**WORK ORDER:** Go to the line holding "a'la oscypek Jak" in the data below. Return it and each line after it through the last, exactly, and skip the pictures.

**SOURCE MATERIAL:**

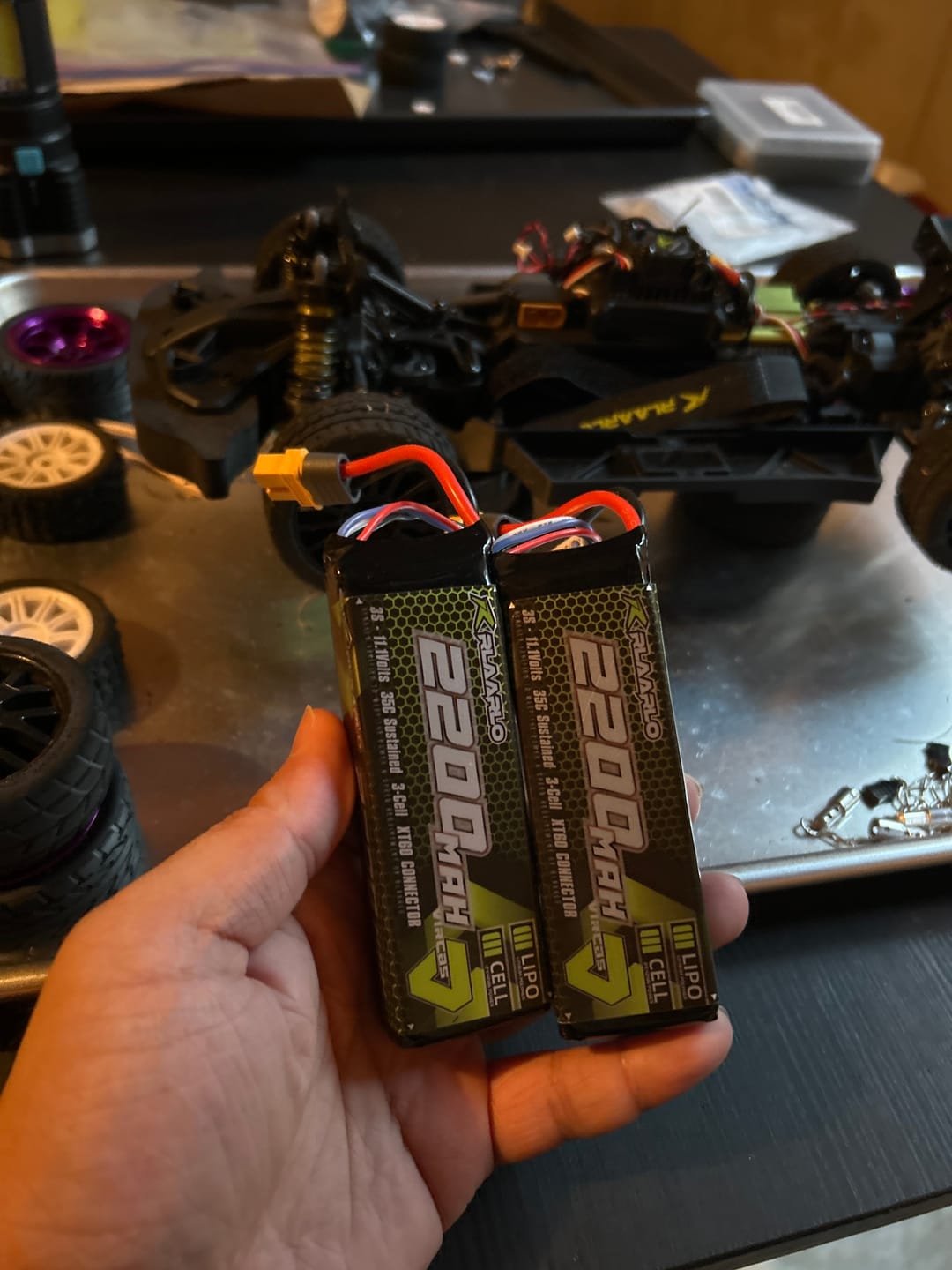 Customer photo review of 11.1V 2200mah 3S Lipo Battery XT60 Plug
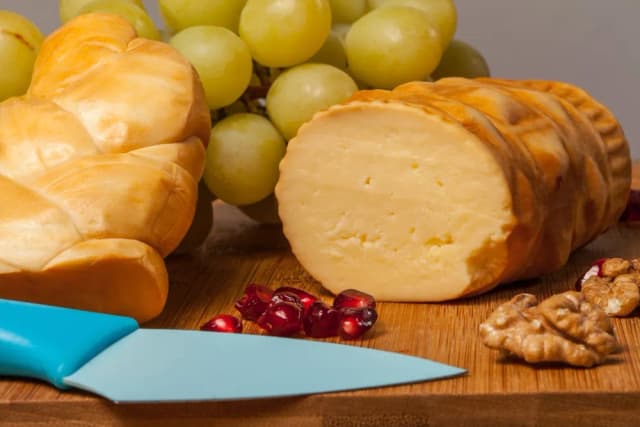 Jak zrobić oscypek z twarogu - łatwy przepis na ser a'la oscypek Jak zrobić oscypek z twarogu - łatwy przepis na ser a'la oscypek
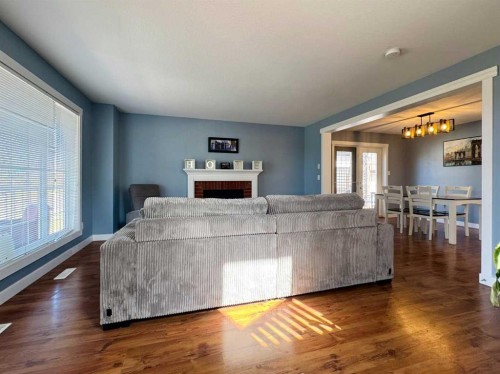 86 Riverstone Boulevard West, Lethbridge, AB - Indoor Photo Showing Living Room
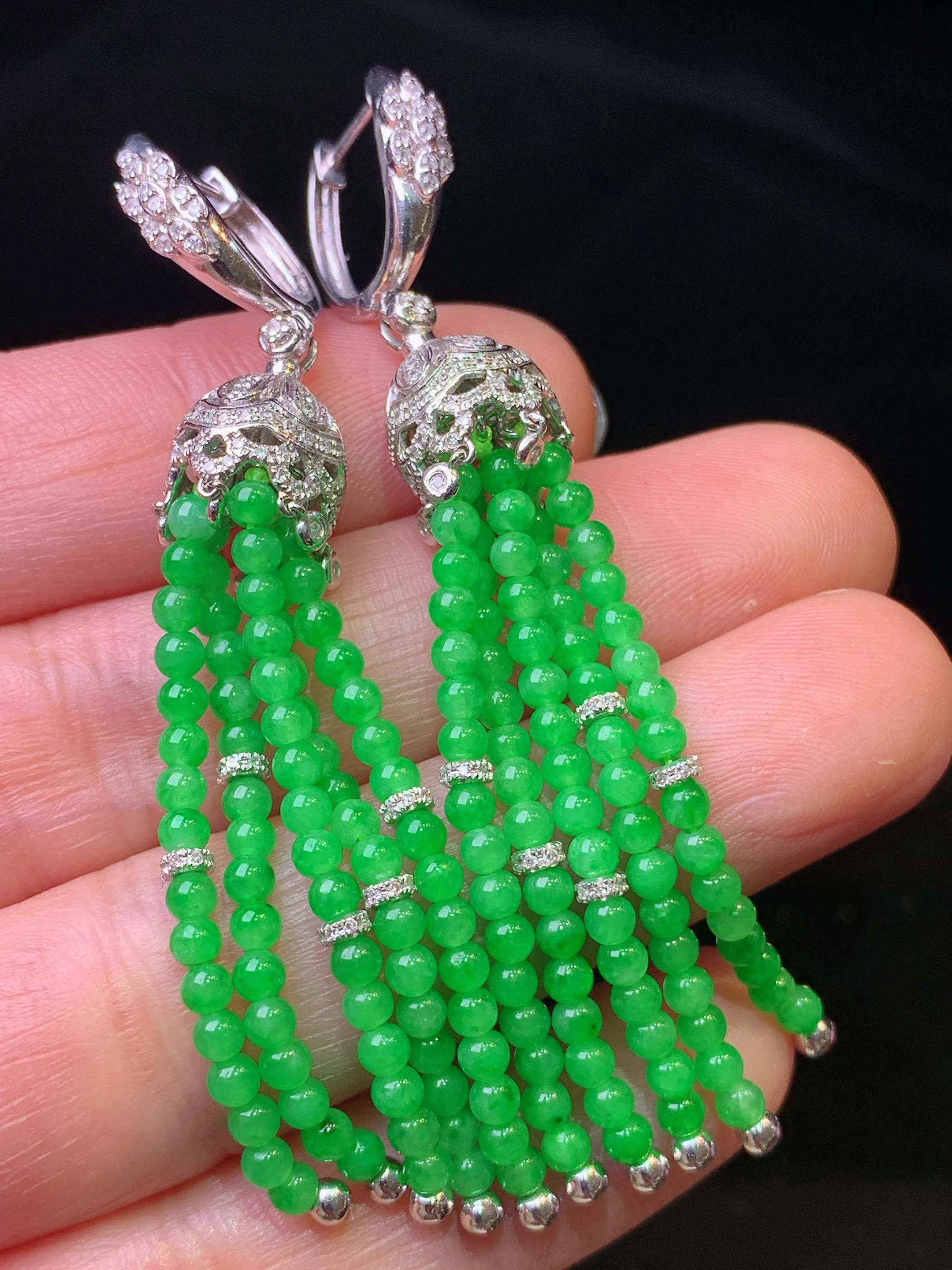 18k金钻镶嵌翠绿小米珠耳坠 玉质细腻 色泽清新艳丽 裸石尺寸2.8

**EXERCISE ANSWER:**
 Jak zrobić oscypek z twarogu - łatwy przepis na ser a'la oscypek Jak zrobić oscypek z twarogu - łatwy przepis na ser a'la oscypek
 86 Riverstone Boulevard West, Lethbridge, AB - Indoor Photo Showing Living Room
 18k金钻镶嵌翠绿小米珠耳坠 玉质细腻 色泽清新艳丽 裸石尺寸2.8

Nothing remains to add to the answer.